TL;DR
How to sample variance ? Same as with mean, sample it heterogeneously = better deep neural networks for free.
Context
Learning representations of the world is learning about a continuum of values on an arbitrary space.
Learning images = learning representations of light (spaces = luminosity, contrast, colors, …) Learning sound = learning representation of air compression (spaces = frequency, amplitude, …)
If learning how to represent MNIST images, sampling every luminosity point is OK. Low number of pixels, low complexity problem.
This is sampling mean of distribution.
If learning how to representation real images, sampling mean of distribution not possible.
Complex distributions, mean is meaningless.
Solution one (top image below) : sample lots of mean. Precise but costly.
If representations ends up being same size as input, process useless.
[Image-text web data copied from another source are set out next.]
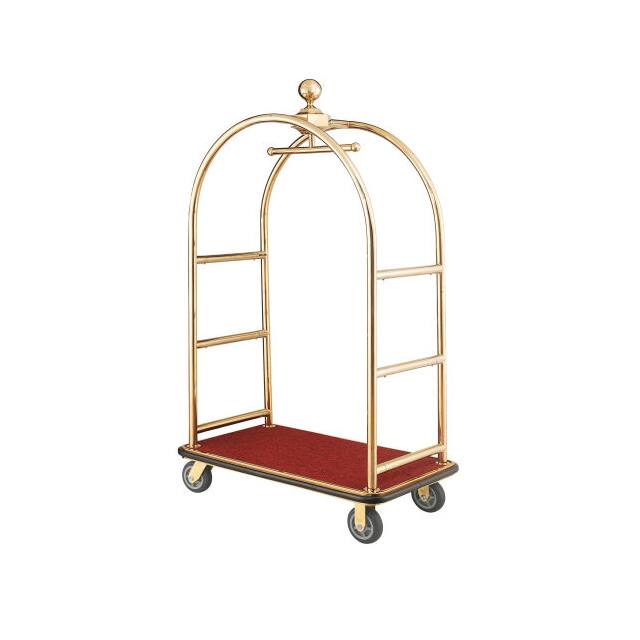 985118GD Global Industrial  Carrelli e camion - Carrelli, camion, cricchi e carrelli elevatori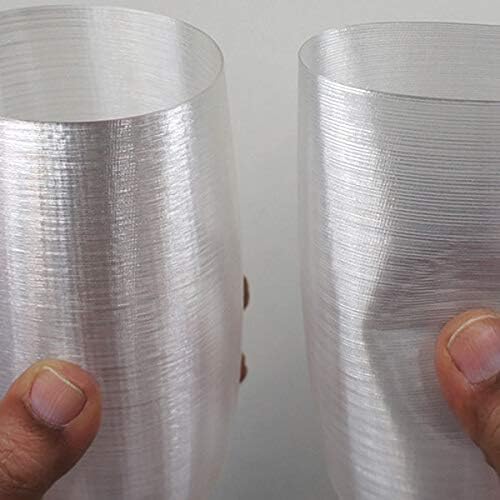 Filamentos Lays Bendlay 3D Impressão Filamento Spool - 3,0 mm, 0,75kg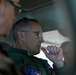 SD TAG visits South Dakota Civil Air Patrol Wing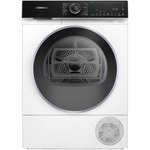 Siemens WQ45H2A9NL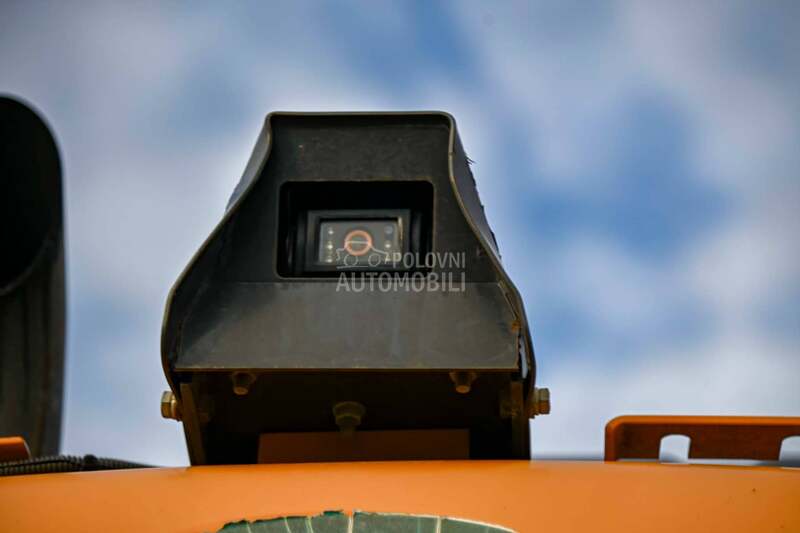 Case WX148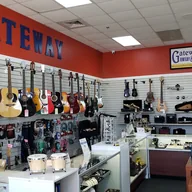 Gateway Jewelry & Pawn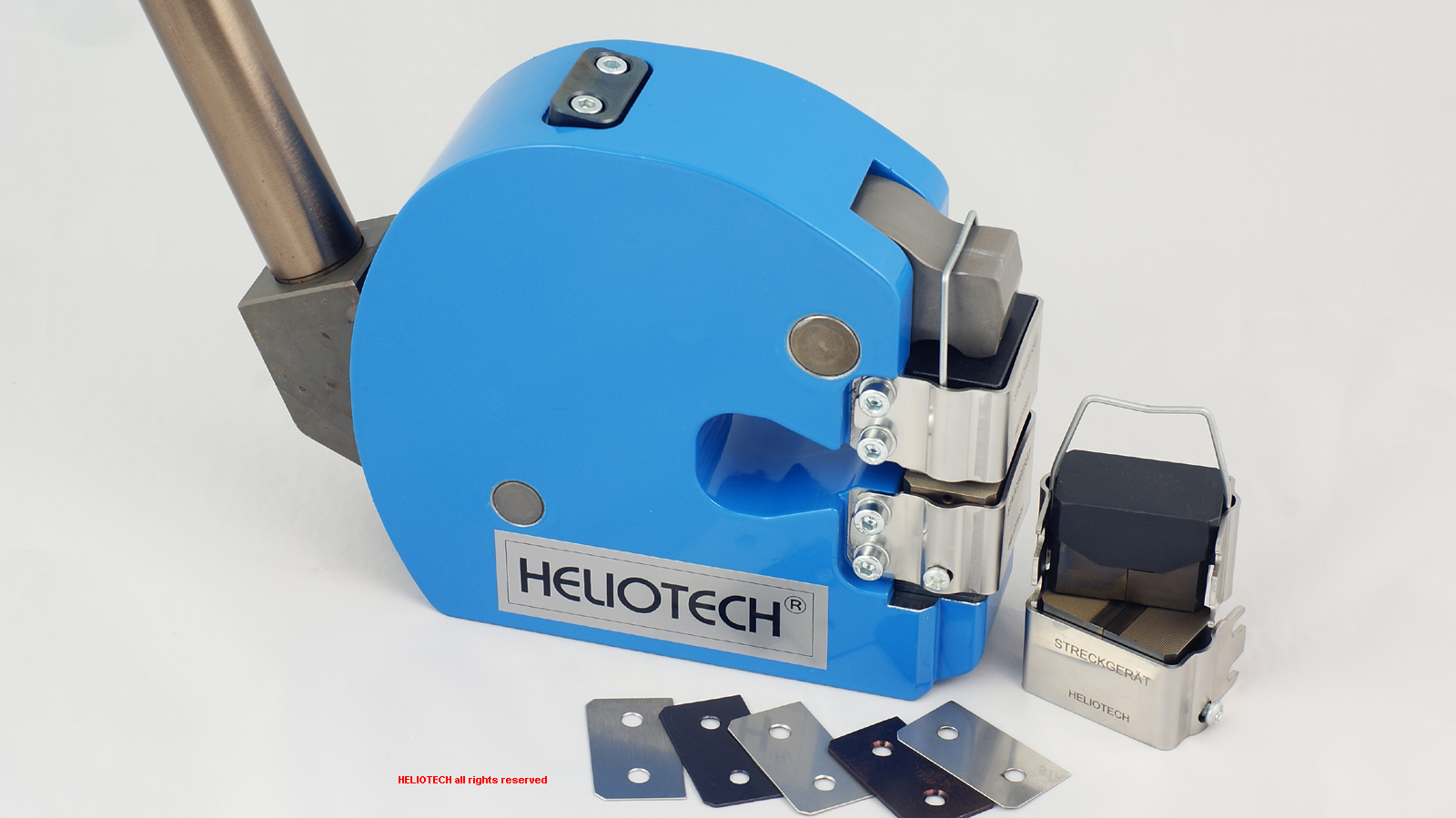SR80 shrinker stretcher Heliotech with adjustment new model 2022 general info 1600x900-SR80-shrinker-stretcher-top-side-view.jpg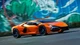 Ключ активации The Crew Motorfest - Cross-Gen Bundle для Xbox One/Series S/X - изображение 5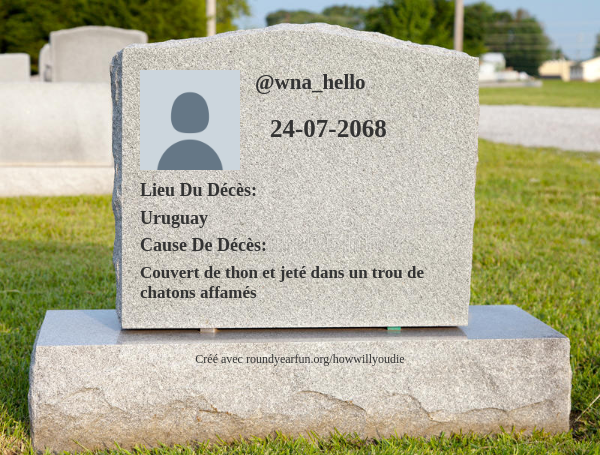 HelloWna_ tweet media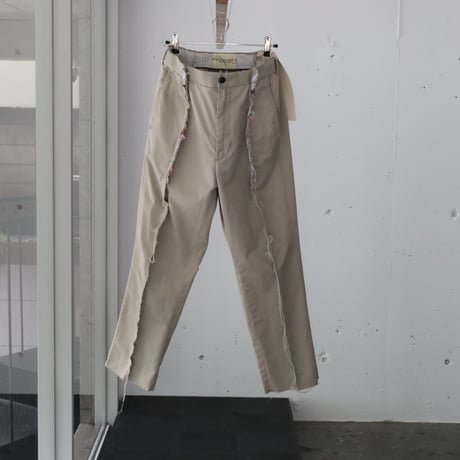 DIOGUARDI "Re.Touched CH11" sizeS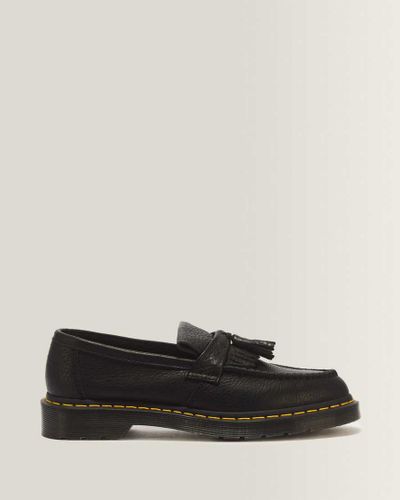 Mocassins Adrian en Cuir Ambassador À Pampilles Moccasins en , Taille: 42 - Dr. martens - Modalova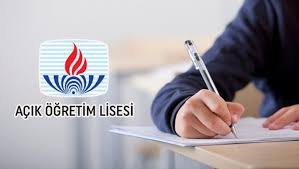 Aöl kayıt yenileme işlemleri ise yılda 3 kez yapılmaktadır. Aol Sinav Tarihleri 2021 Aol Kayit Yenileme 2021 Ucreti Ne Kadar Acik Lise Kayit Yenileme Son Gun Tarihi Gundem Haberleri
Solution two (bottom image above) : sample mean, describe succintly variance around it. Approximative, but efficient.
Useful, also gives idea of how much one bit of information varies with respect to others.
Natural images
For the problem of natural images, sampling variance very useful. Stereotypical pattern of distribution of orientations.
Learning from this
If one tries to make models of these images (here, sparse coding), good models also get this distribution of orientations.
Logical step : already give this distribution to the models. Save them time from figuring it out.
5 scenarii :
- green = sample only mean (same uncertainty/variance sampling in the model)
- blue = sample mean and variance (heterogeneous variance sampling)
- orange = green + fine tuning on dataset
- purple = blue + fine tuning on dataset
- black = let the model learn everything (fine tuning on the dataset, without any intervention)
Learning always gives best representation quality (Peak Signal to Noise Ratio, PSNR) and efficiency (sparseness).
Without learning, sampling variance massively boosts sparseness. Slight cost in quality.
Learning = finding the best of both worlds ! Simple task of reconstruction, no big difference.
Complex task ? Put that into a deep neural network that classifies images.
Sampling variance (last row, first column) much better for representations.
Sampling variance (last row, second and third column) also much, much better than others methods when facing noise.
Here, cutting off a fraction of the coefficients (25% or 50%) does not significantly hinder the model. Performance collapses for other.
Relevance
In previous paper (Cortical recurrence something something sensory variance), showed that neurons in actual brain compute variance.
Here, showed that this computation is very useful. Namely, prevents models from failing when facing noise. Important for brain, noisy machines !
Full code in PyTorch - seamlessly integrate this into any deep neural network !
On a personal note
Talked myself into buying a new GPU for this paper.
Now mostly used for Cyberpunk 2077, rather than PyTorch.